Jane Holzer (née Brukenfeld; born October 23, 1940), is an American art collector and film producer who was previously an actress, model, and Warhol superstar. She was often known by the nickname Baby Jane Holzer. She was also known as a 1960s fashion icon.

Biography

The daughter of real estate investor Carl Brukenfeld, she married Leonard Holzer, an heir to a New York real estate fortune. Holzer was noted for including art projects in his developments, particularly at the Smith Haven Mall.

Movies she appeared in included Andy Warhol's Soap Opera (1964), Couch (1964), and Camp (1965), and the independently produced Ciao! Manhattan (1972). She co-produced the 1985 film Kiss of the Spider Woman. Holzer is the subject of "Girl of the Year" in Tom Wolfe's The Kandy-Kolored Tangerine-Flake Streamline Baby (1965) and is referenced twice in the 1972 Roxy Music single "Virginia Plain".

Holzer appeared in Warhol's Batman Dracula (1964). In turn, she was parodied as Baby Jane Towser in the 1967 Batman episode "Pop/Flop Goes the Joker", where she was played by Diana Ivarson.

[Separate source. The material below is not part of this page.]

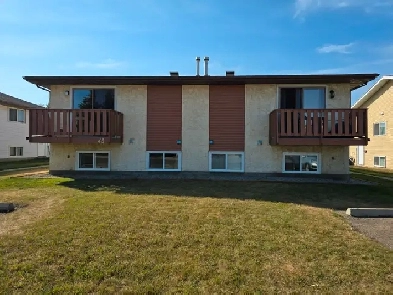 Check it out!  Move in ready Gorgeous 3bdrm 1 bath 4 plex Image# 7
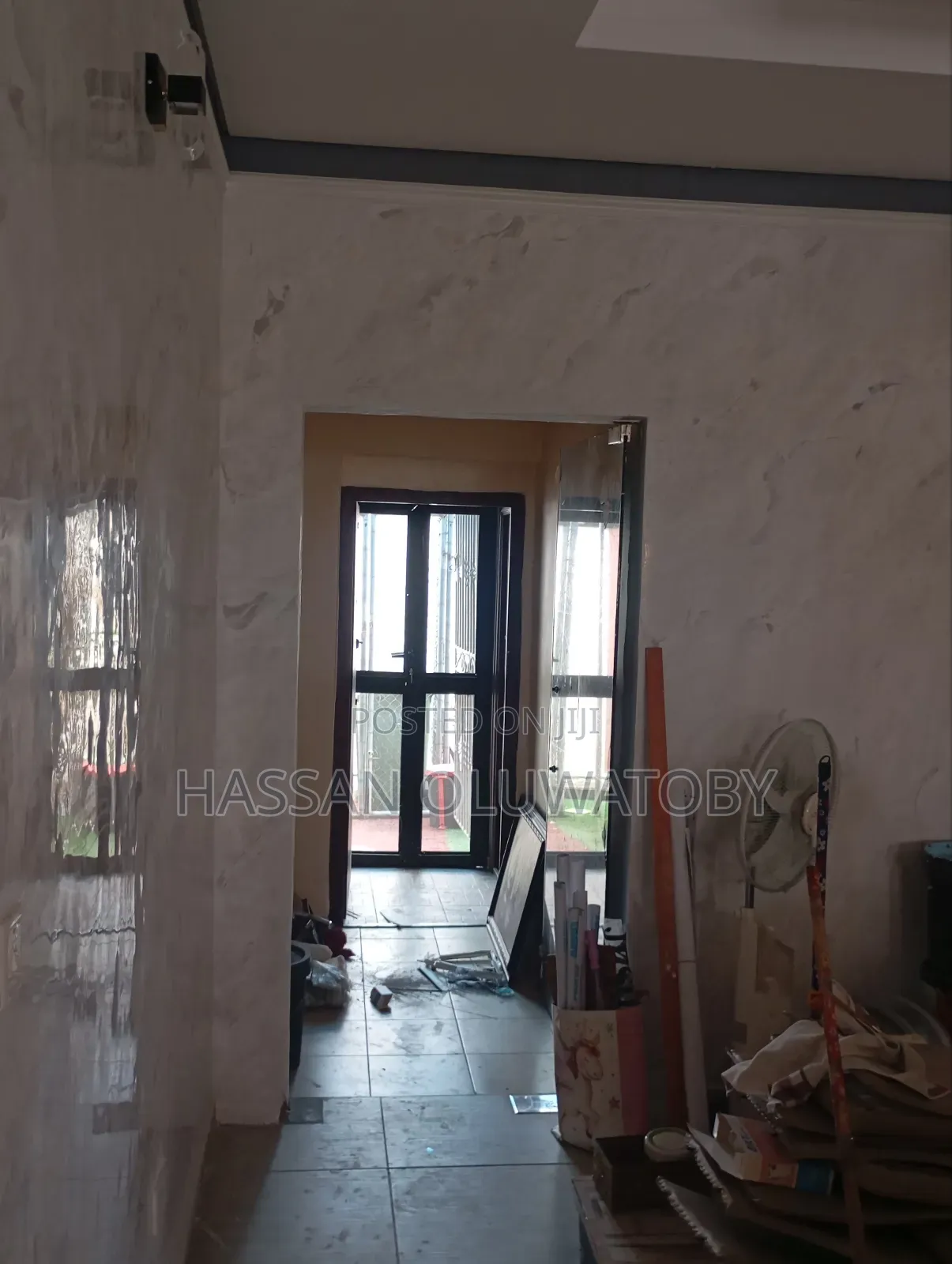 Stucco Design and Rain Drop Design With Rock Effect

That same year, she played herself at a New York party in the pilot episode  of the short-lived TV series, Coronet Blue.

In 1966, Holzer was named one of the "fashion revolutionaries" in New York by Women's Wear Daily, alongside Edie Sedgwick, Tiger Morse, Pierre Cardin, Paco Rabanne, Rudi Gernreich, André Courrèges, Emanuel Ungaro, Yves Saint Laurent, and Mary Quant.

She released the single "Rapunzel"/"Nowhere" in 1967 on Atco Records, produced by Al Kasha and arranged by Barry Goldberg.

Personal life
She was one of the attendants at the wedding of Mary McFadden and Philip Harari in 1964. 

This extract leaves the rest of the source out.